Latin Counts
- Founded: 1955; 71 years ago
- Named after: Polish Counts gang
- Founding location: Pilsen, Chicago, Illinois, United States
- Territory: South Side, Chicago; Southwest Detroit, Lincoln Park and Ecorse, Michigan
- Ethnicity: Mexican-American
- Leaders: Isidro Garza, Victor Vasquez, Benjamin Beightol
- Activities: Drug activity, racketeering, murder
- Allies: Vice Lords, Latin Brothers, Spanish Lords, People Nation
- Rivals: Sureños, 12st Players, Almighty Bishops, 4GMz, SVLz, Latin Kings, Two Six, 22Boys, Almighty Ambrose, La Raza, Satan Disciples, Krazy Getdown Boys, Imperial Gangsters, Maniac Latin Disciples, Spanish Gangster Disciples, Insane Deuces, Folk Nation

= Latin Counts =

American street gang

The Latin Counts is a Latino street gang based in Chicago, Illinois with a significant branch in Detroit, Michigan. It is a member of the People Nation alliance.

== History ==
The gang was founded in 1955 by Tejano youth who had just arrived to the Pilsen neighborhood of Chicago. The original gang members were all related to one another. They named their gang the Texans in homage to the state they originally lived in. The name was changed two years later to Sons of Mexico City to better reflect their ethnic heritage. The name was changed again in 1959 to Latin Counts, inspired by the Polish Counts gang that operated in the nearby Back of the Yards community. During the 1960s, the Counts came into conflict with other gangs in the Pilsen area such as the Latin Kings, the Satan Disciples and Ambrose. In 1970, a faction broke off from the gang to be named the Bishops, who retained good relations with the Counts due to their sharing of the same bloodlines. Their alliance, known as the Bishop Count Nation, would falter in the 1990s.

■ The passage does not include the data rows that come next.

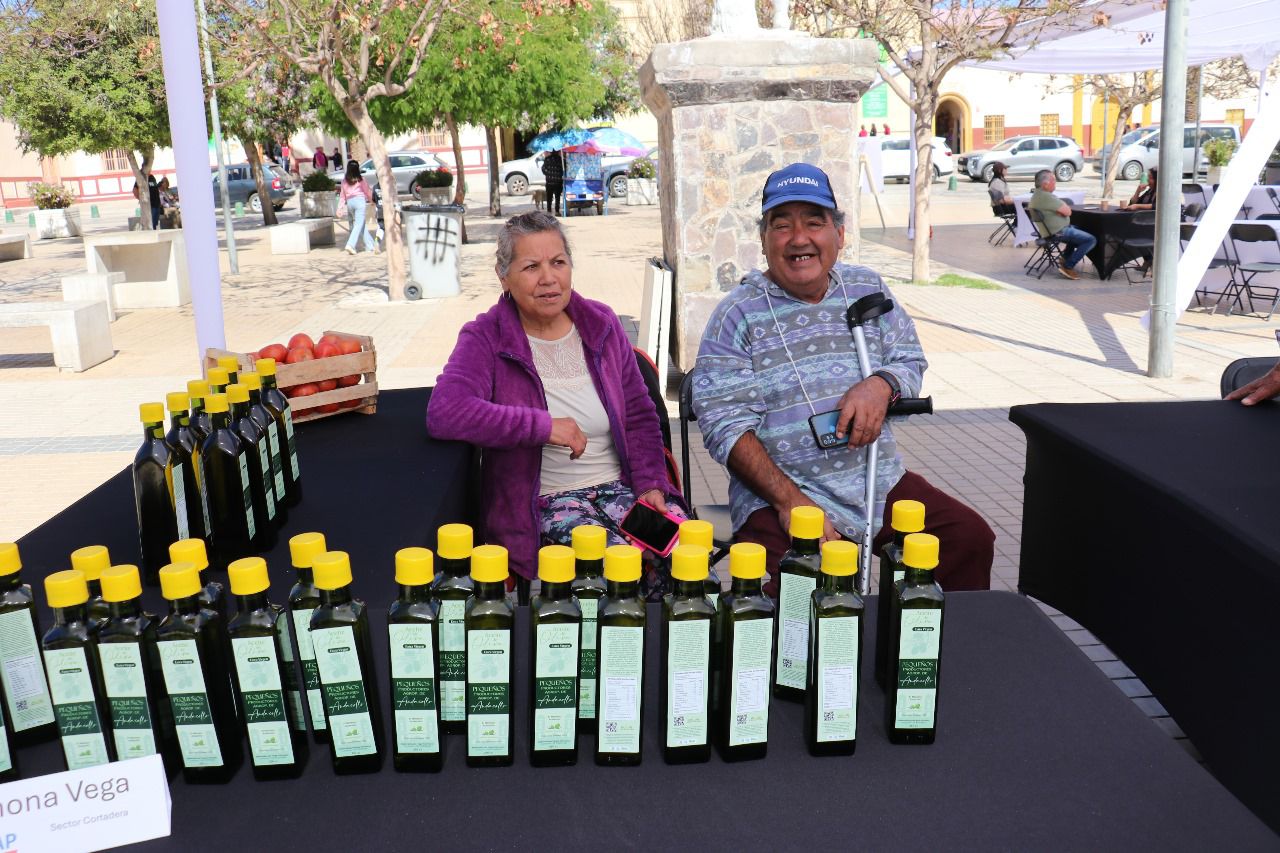 Productor andacollino destaca en la elaboración de aceite de oliva en el sector La Cortadera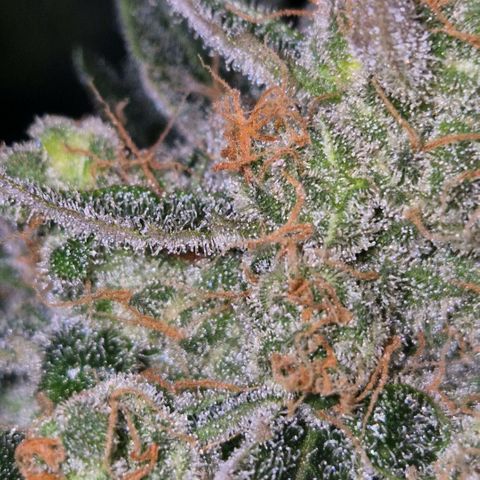 Sticky beast 👹👹👹( zamnesia) #3 growlog timeline photo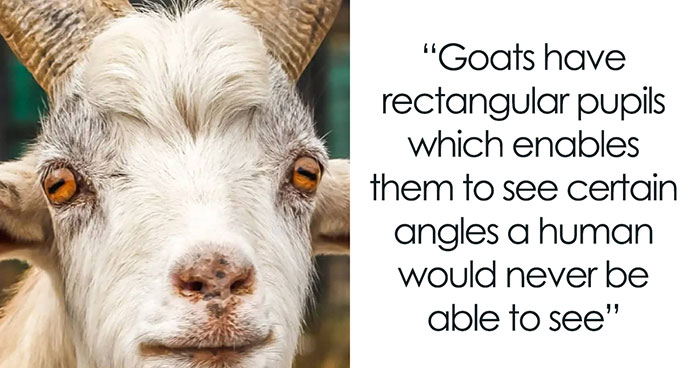 50 Interesting Facts About The World You Probably Didn’t Learn At School, As Shared By This Instagram Page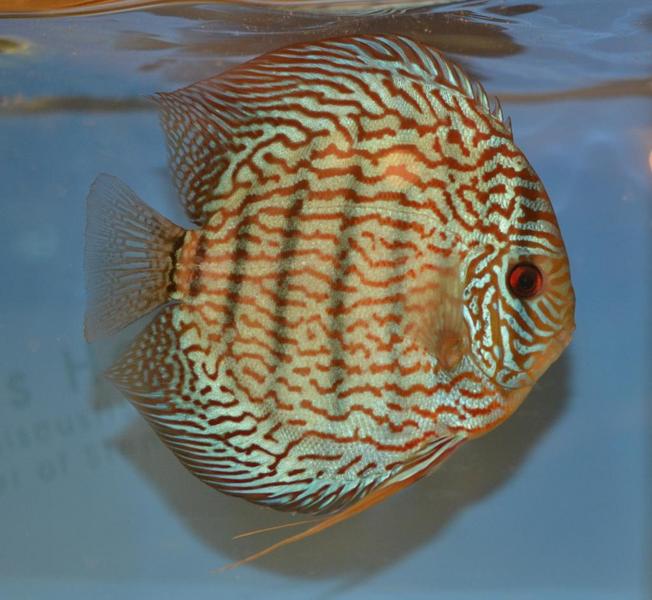 Turk Discus 2.jpg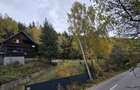 CABANA la munte, intabulata, renovata, mobilata, cu centrala si soba noi (lemne) - 15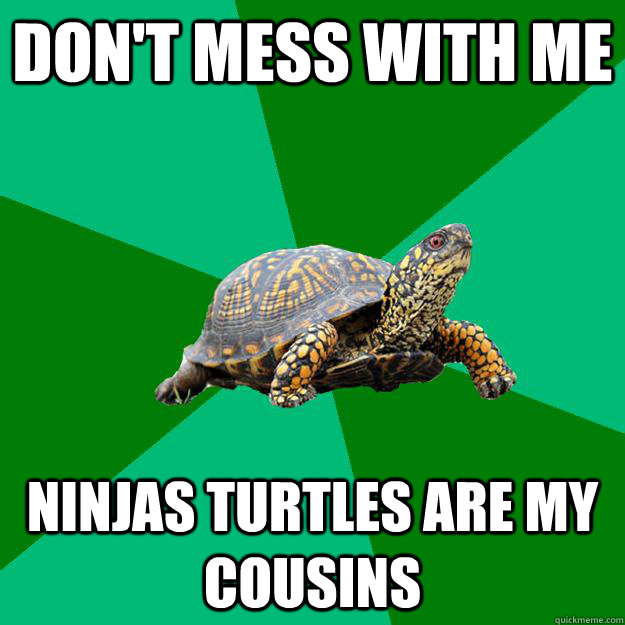 don't mess with me ninjas turtles are my cousins - don't mess with me ninjas turtles are my cousins  Torrenting Turtle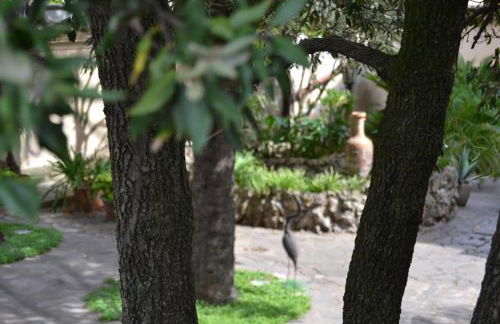 case vacanza Il Castello - Foto 16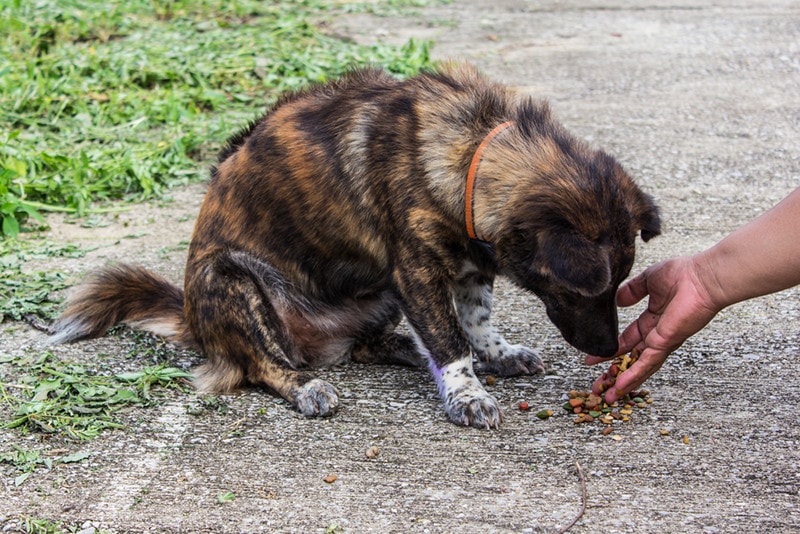 Feeding Stray Dogh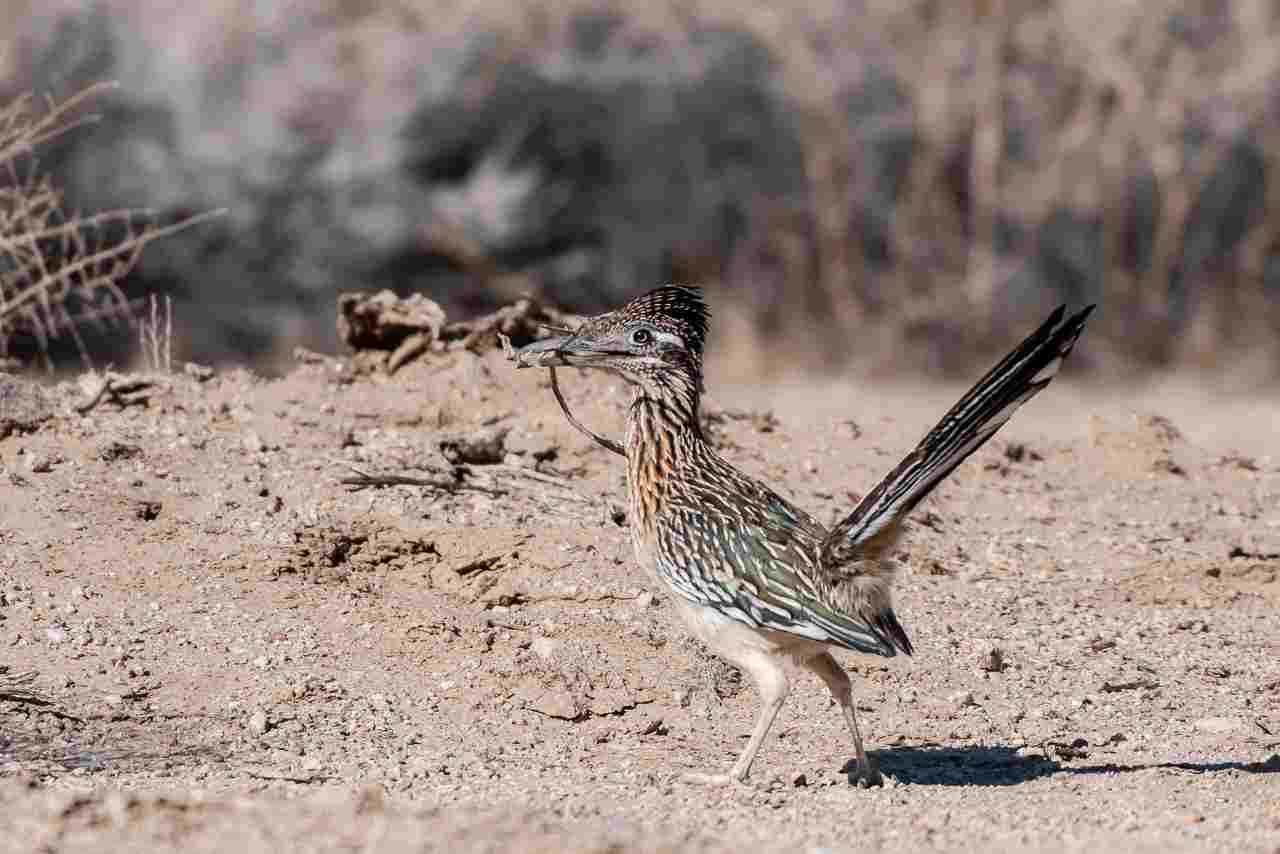 Decomposers in the Desert: The Greater Roadrunner is a Known Desert Scavenger (Credit: Joshua Tree National Park 2022 .PDM 1.0.)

In 1978, the Counts were invited to join the People Nation, a gang alliance formed in the Pontiac Correctional Center. This enabled the Counts to enter a truce with the allied Latin Kings, but street-level conflict continued between the two gangs until the 1980s. Starting in 1980, the Counts began to expand their operations to the South Chicago and South Deering neighborhoods, and in the mid-1980s they expanded to Cicero, Illinois and Southwest Detroit. In 1991, a full-scale shooting war erupted with the Latin Kings over turf in Cicero that pitted all Counts and Kings against each other nationwide.

== Insignia ==
The Latin Counts' symbol consists of a depiction of Count Dracula, a knight's helmet, and a sword with five slashes above it. The helmet was inspired by the image on the Knight brand matchbox. Their colors are black and red.

== Territory ==
The Latin Counts gang operates in the Chicago area, including the Pilsen, McKinley Park, Marquette Park, Ashburn, South Chicago, South Deering, Cicero, Bridgeview, and Chicago Heights communities. Its territory has expanded to include Southwest Detroit, Michigan, and the suburbs of Lincoln Park and Ecorse. The gang's presence has been detected in other Michigan cities including Pontiac, Flint and Lansing.

== Activities ==
The Latin Counts' main criminal activity involves drug activity and racketeering. Gang members have also been involved in selling stolen weapons, assaults and murders.

== Leadership ==
Isidro Garza led the gang while incarcerated in the Michigan Department of Corrections, where he was already serving 25-50 years for a 1993 gang-related homicide. He was sentenced in federal court to an additional ten years in prison. In June 2017, gang leader Victor Vasquez was sentenced to 30 years in prison for violating the Racketeer Influenced and Corrupt Organizations Act. Benjamin Beightol, the gang's Minister of Information who disseminated Garza's instructions to lower ranking gang members, pleaded guilty to racketeering charges on January 29, 2018, and faced ten years in prison.